• **Task prompt**
Should a picture appear anywhere in the data, omit it and copy everything else exactly.

======== Data below ========

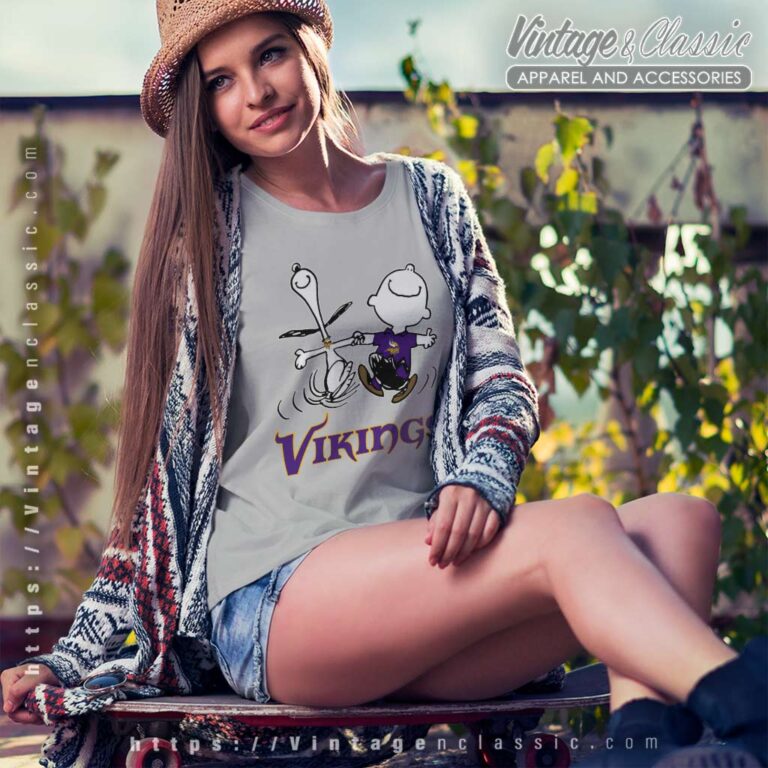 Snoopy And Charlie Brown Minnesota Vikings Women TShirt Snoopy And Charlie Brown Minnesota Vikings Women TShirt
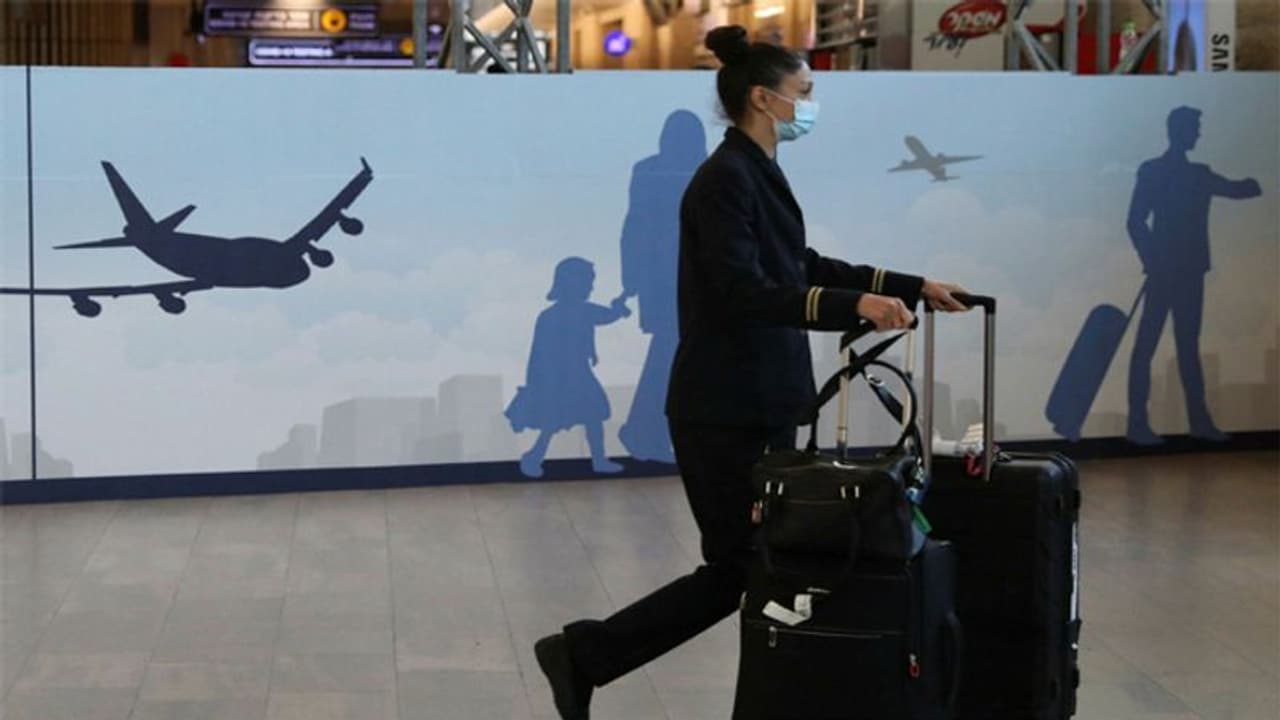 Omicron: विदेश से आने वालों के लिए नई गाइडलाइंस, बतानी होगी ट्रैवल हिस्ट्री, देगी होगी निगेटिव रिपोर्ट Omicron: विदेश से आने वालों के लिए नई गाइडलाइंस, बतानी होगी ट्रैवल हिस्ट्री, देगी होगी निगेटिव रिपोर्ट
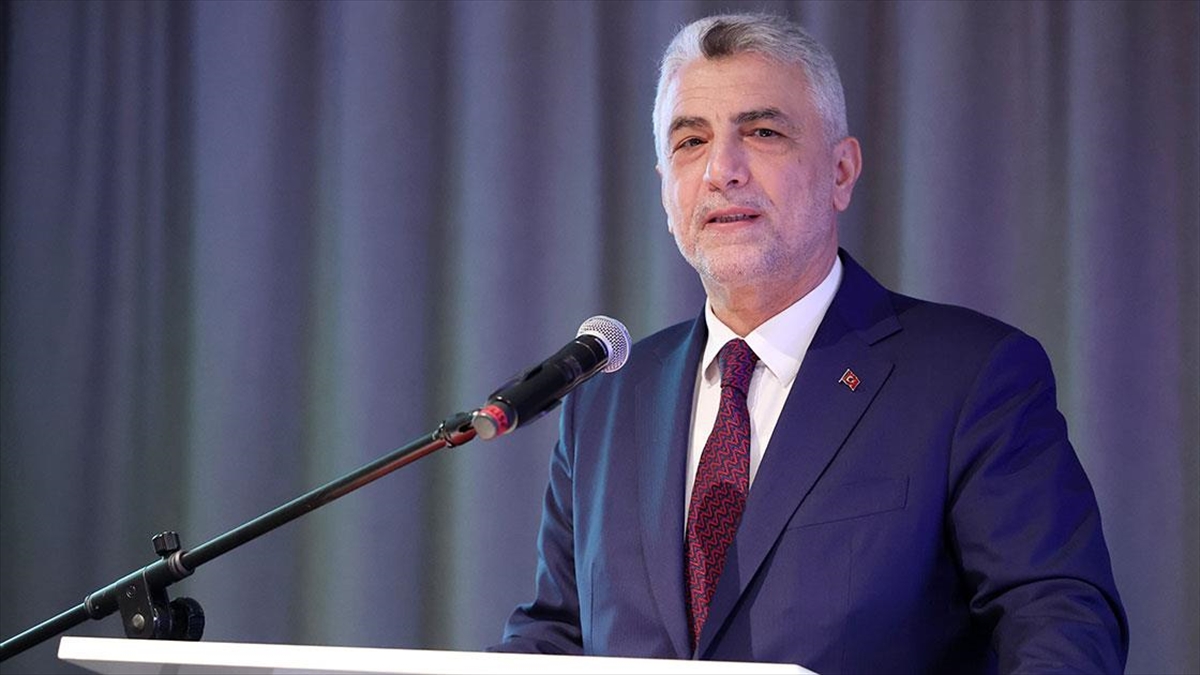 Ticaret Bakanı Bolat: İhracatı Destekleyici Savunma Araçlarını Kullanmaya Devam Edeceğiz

========

• **Response for this exercise**
 Snoopy And Charlie Brown Minnesota Vikings Women TShirt Snoopy And Charlie Brown Minnesota Vikings Women TShirt
 Omicron: विदेश से आने वालों के लिए नई गाइडलाइंस, बतानी होगी ट्रैवल हिस्ट्री, देगी होगी निगेटिव रिपोर्ट Omicron: विदेश से आने वालों के लिए नई गाइडलाइंस, बतानी होगी ट्रैवल हिस्ट्री, देगी होगी निगेटिव रिपोर्ट
 Ticaret Bakanı Bolat: İhracatı Destekleyici Savunma Araçlarını Kullanmaya Devam Edeceğiz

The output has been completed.